How’s the htmlsafe trick going to work if strings are immmutable?
First, only literal strings are concerned. Second, Rails's `String#html_safe` method's return value is a new instance, it doesn't mutate the receiver in place.
We learned nothing from Python 2->3
An obviously good change, actually massive performance improvements not hard to implement but its still gonna be such a headache and dependency hell
Ruby has been extremely slow and deliberate in rolling out frozen string literals. They added a magic comment to opt in to them on a per-file basis all the way back in Ruby 2.3—almost a decade ago.
https://www.ruby-lang.org/en/news/2015/12/25/ruby-2-3-0-rele...
Most linting setups I've seen since then have required this line. I don’t expect many libraries to run afoul of this, and this warning setting will make finding them easy and safe. This will be nothing like the headache Python users faced transitioning to 3.
I hope this is corect - i do agree it has been a long and slow migration path and migrating is fairly easy - migrating python 2 to 3 code was fairly easy as well anyone could do it in their codebase, it remains a big deal and possibly very impactful to make such breaking changes to the behavior of primitives in mature ecosystems. How many gems does the average rails app have, okay they all need to be updated and they sohld be being updated for other reasons, I remain skeptical of how smooth the change is going to be over all ecosystem wise but time will tell.
I agree it has been a well advertised and loudly migration path and timeframe for it
Most of the problems in Python 3 were the string encoding changes. It was very pervasive, fixing things was often not so straight-forward, and writing programs that worked well with Python 2 and 3 was possible but somewhat difficult and error-prone.
The rest of the changes were a bit annoying but mostly boring; some things could have been done better here too, but the string encoding thing was the main issue that caused people to hold on to Python 2 for a long time.
The frozen string literal changes are nothing like it.
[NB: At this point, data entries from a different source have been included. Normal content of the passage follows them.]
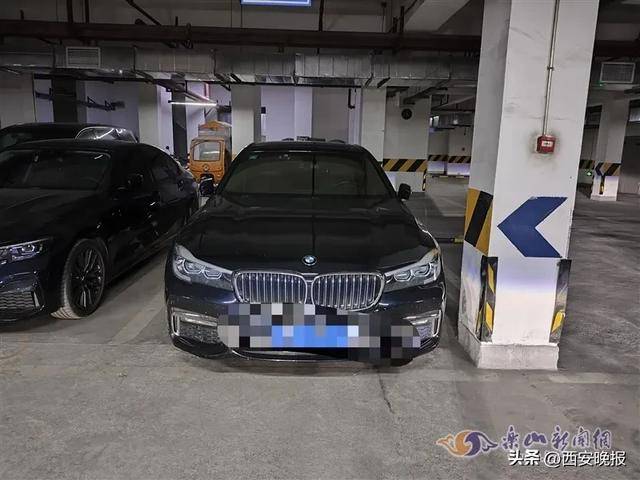 女主播凌晨马路边直播,拒绝宝马司机搭讪后被撞?警方:李某(男,48岁)被抓
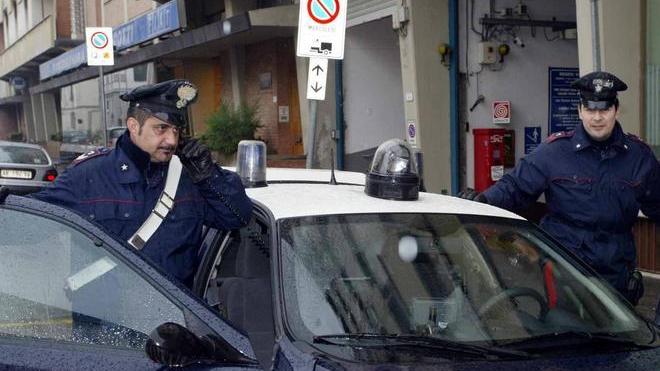 Evade dai domiciliari per fare un giro in centro: arrestato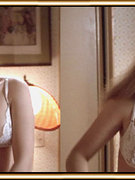 Jennifer Jason Leigh nude 2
It's been "good practise" to do this for years, on errors fixing things is trivial, there is a long migration path, and AFAIK there are no plans to remove "frozen_string_literal: false". It's just a change in the default from false to true, not a change in features.
"Learning lessons" doesn't mean "never do anything like this ever again". You're the one who failed to learn from Python 3, by simply saying "language change bad" without deeper understanding of what went wrong with Python 3, and how to do things better. Other languages like Go also make incompatible changes to the language, but do so in a way that learned the lessons from Python 3 (which is why you're not seeing people complain about it).
??? This is nothing like the Python transition. In Python there were two incompatible language versions side by side for years that made it really hard on library maintainers. Ruby is giving a 7-8 year transition period before this even hits, with years of warnings built-in to the plan. What more would you have them do?
Not to mention that in addition to the opt-in warning that came with 3.4, if you've been using any reasonable linter such as Rubocop for the past 10ish years then you're already being yelled at for lack of `# frozen_string_literal: true` magic comment.
This change doesn’t really compare to Py 2 vs 3
Even if you have an incompatible codebase that you don't wish to convert, you'll be able to set `RUBYOPT="--disable-frozen-string-literal"` so it keeps running.
And since that flag really doesn't require lots of work in the VM, it's likely to be kept around pretty much forever.